● Input data:
★ ★ ★ ★ ★
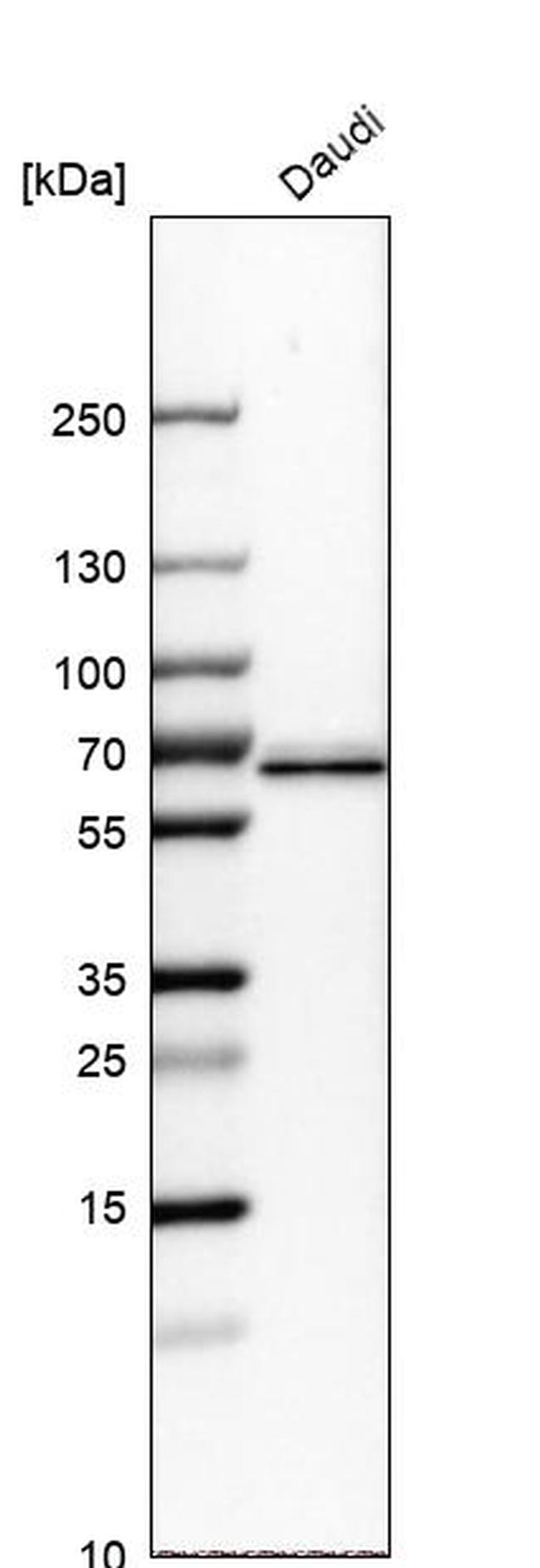 ME2 Antibody in Western Blot (WB)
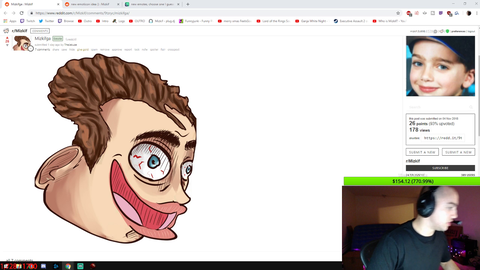 Mizkifs head dent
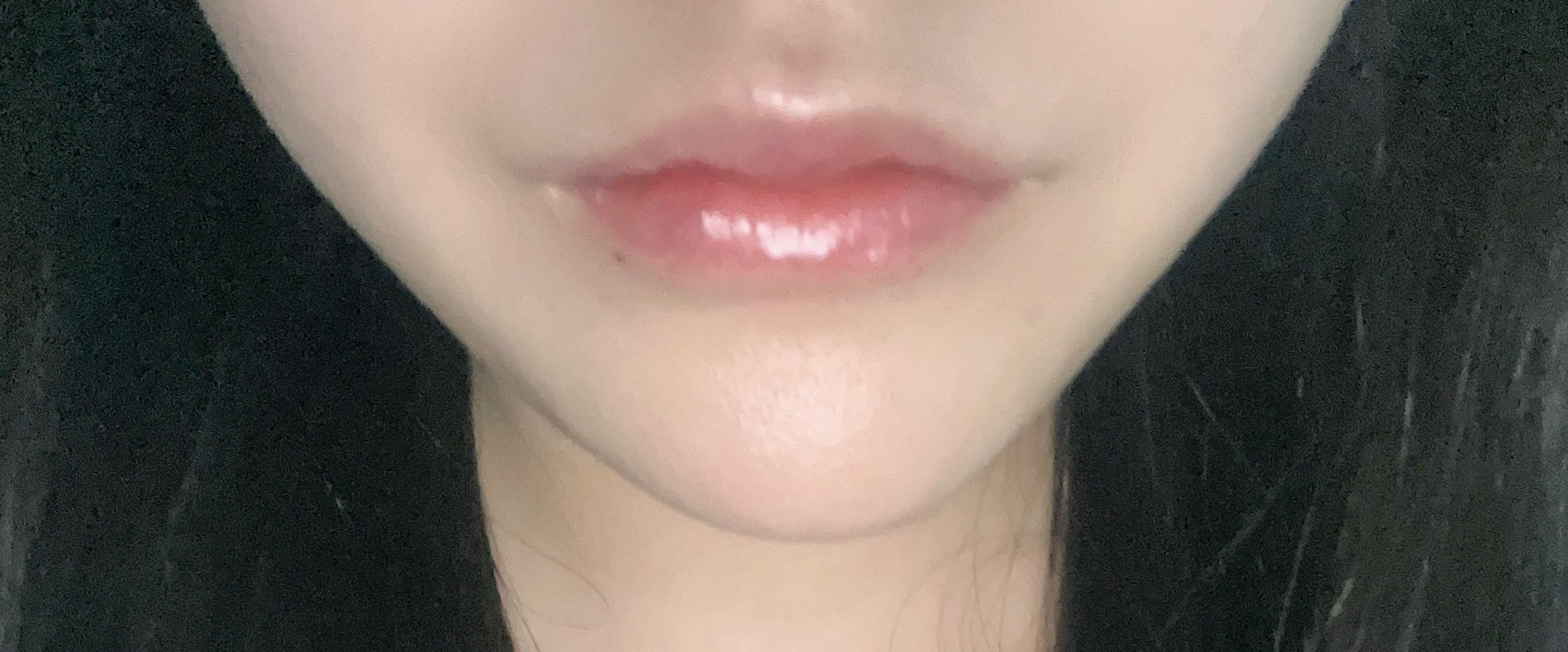 湘南美容クリニック 池袋メトロポリタン口院でを受けたあさんの写真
★ ★ ★ ★ ★
● Goal of the exercise: When an image appears in the data, skip it and output the rest exactly.

● Written answer:
 ME2 Antibody in Western Blot (WB)
 Mizkifs head dent
 湘南美容クリニック 池袋メトロポリタン口院でを受けたあさんの写真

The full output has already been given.